TERROR FINANCINGSupport Dwindles for Cracking Down on Nonprofit Terror Financing

By Christina Lengyel, The Center Square

Published 26 November 2024

The overwhelming bipartisan support a plan to revoke tax exemptions for nonprofits deemed supportive of terrorist organizations once enjoyed has dwindled as critics worry about constitutional overreach.

A plan moving through Congress may soon revoke tax exemptions for nonprofits deemed supportive of terrorist organizations.

The overwhelming bipartisan support it once enjoyed, however, has dwindled as critics worry about constitutional overreach.

Supporters blame the sudden reversal on something more immediate: distrust of the incoming presidential administration.

In April, the House passed H.R. 6408 in a vote 382-11. It is a bill extending power to the Secretary of the Treasury to revoke tax-exempt status from any organization that supports terrorist organizations.

Though the bill did not gain traction after the initial vote, lawmakers again voted on the exact same language added into H.R. 9495, a proposal that would also alleviate fines and penalties from missed tax deadlines for Americans held hostage abroad.

This time, however, it made a public splash as members of Congress received pushback from constituents and non-profit organizations alike. Joining activists long concerned for the future of Palestinian aid, domestic organizations were moved to speak out against the bill out of concern for their own survival.

The first attempt to pass the proposal with a supermajority failed mid-month, and it returned to the House floor last Thursday for debate. The margin of support this time was much narrower at 219-184.

The only difference, Republicans say, is the incoming president.

Sponsor Rep. Claudia Tenney, R-N.Y., said that since the election, the bill had become the subject of “mass political hysteria.”

“I urge my colleagues to grab some common sense,” she said, noting that they were suffering from “Trump derangement syndrome.”

Rep Lloyd Smucker, R-Penn., called the reversal “the most bizarre argument I’ve heard since I’ve been in Congress.”
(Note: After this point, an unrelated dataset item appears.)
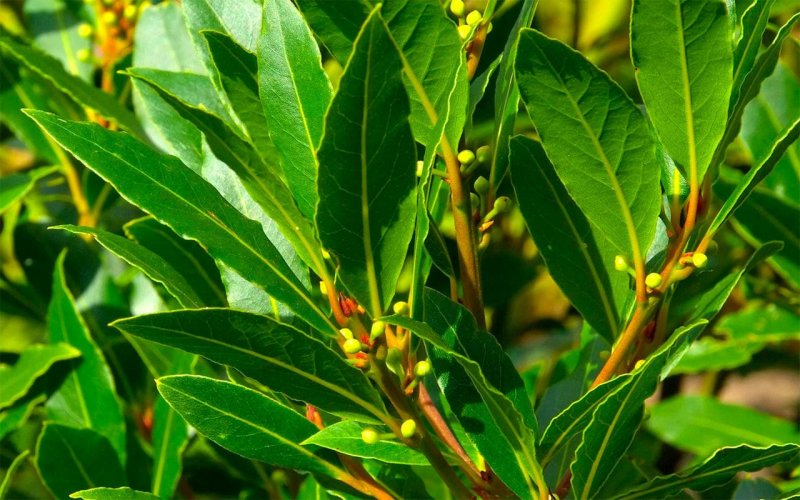 Лавр благородный (Laurus Nobilis)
Opponents across the aisle worried that the bill could sanction Trump’s retaliation against non-profit organizations he deems to be hostile toward him, including major bodies like the American Civil Liberties Union.

“This is the death penalty bill that we’re considering today, the bill that empowers Donald Trump to extinguish the life of any non-profit, of any civic society group which happens to be on his enemies list,” said Rep. Lloyd Dogget, D-Texas.

He and others argued that the House could easily find unanimous consent for the first half of the bill granting tax relief to hostages, but the addition of the tax status portion goes too far.